I also don’t buy John McCain as a legitimate and credible voice on what Barack Obama should and shouldn’t be doing in Iran. Isn’t this the same guy who sang “Bomb bomb bomb…bomb bomb Iran” to the Beach Boys tune? Here’s a flashback of Obama making McCain look stoopid around that in the first presidential debate. Rube. I don’t understand why the mainstream media has chosen Crazy McCain as their front man on this?!

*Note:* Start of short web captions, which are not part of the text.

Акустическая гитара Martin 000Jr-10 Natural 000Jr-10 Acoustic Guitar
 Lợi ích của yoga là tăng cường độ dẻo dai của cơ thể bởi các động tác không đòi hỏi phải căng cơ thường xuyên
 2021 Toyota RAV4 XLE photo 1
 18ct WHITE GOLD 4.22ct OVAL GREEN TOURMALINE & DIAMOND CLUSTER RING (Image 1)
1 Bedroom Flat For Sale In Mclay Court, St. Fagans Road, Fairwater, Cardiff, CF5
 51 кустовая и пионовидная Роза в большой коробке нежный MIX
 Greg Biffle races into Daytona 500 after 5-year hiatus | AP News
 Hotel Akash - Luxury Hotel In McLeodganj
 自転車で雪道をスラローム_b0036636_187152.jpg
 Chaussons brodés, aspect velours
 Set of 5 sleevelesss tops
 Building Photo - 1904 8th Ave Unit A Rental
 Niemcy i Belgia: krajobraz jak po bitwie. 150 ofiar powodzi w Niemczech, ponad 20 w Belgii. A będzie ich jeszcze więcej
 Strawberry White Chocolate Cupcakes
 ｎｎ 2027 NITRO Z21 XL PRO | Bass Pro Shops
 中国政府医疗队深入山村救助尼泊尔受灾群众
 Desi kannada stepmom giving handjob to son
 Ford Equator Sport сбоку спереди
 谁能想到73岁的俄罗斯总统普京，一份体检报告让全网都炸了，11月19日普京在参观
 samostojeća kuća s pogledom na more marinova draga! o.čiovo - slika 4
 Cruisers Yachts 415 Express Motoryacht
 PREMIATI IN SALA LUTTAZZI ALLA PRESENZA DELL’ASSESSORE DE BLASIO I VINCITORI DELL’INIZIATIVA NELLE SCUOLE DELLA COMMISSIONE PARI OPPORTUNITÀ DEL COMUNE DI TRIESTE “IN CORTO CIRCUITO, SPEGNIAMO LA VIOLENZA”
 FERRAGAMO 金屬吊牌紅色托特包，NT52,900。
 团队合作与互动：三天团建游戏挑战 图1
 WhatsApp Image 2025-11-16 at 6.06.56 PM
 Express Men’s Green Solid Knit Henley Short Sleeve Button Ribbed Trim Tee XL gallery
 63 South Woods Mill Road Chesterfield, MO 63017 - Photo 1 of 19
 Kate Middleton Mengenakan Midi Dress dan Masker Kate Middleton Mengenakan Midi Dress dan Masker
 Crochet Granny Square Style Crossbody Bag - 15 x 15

From the HuffPo Iran Live Blog today:

HuffPost asks Obama a question about Iran at press conference. My colleague Nico Pitney was given the opportunity to ask a question at Obama’s press conference today that came directly from an Iranian. His question for the president was: “Under which conditions would you accept the election of Ahmadinejad, and if you do accept it without any significant changes in the conditions there, isn’t that a betrayal of what the demonstrators there are working toward?”

Obama’s response:

Well look, we didn’t have international observers on the ground, we can’t say definitively what exactly happened at polling places throughout the country. What we know is that a sizeable percentage of the Iranian people themselves, spanning Iranian society, considered this election illegitimate. It’s not an isolated instance, a little grumbling here or there. There [are] significant questions about the legitimacy of the election. And so ultimately, the most important thing for the Iranian government to consider is legitimacy in the eyes of its own people, not in the eyes of the United States. And that’s why I’ve been very clear, ultimately this is up to the Iranian people to decide who their leadership is going to be and the structure of their government. What we can do is to say unequivocally that there are sets of international norms and principles about violence, about dealing with peaceful dissent, that spans cultures, spans borders, and what we’ve been seeing over the Internet and what we’ve been seeing in news reports, violates those norms and violates those principles. I think it is not too late for the Iranian government to recognize that there is a peaceful path that will lead to stability and legitimacy and prosperity for the Iranian people. We hope they take it.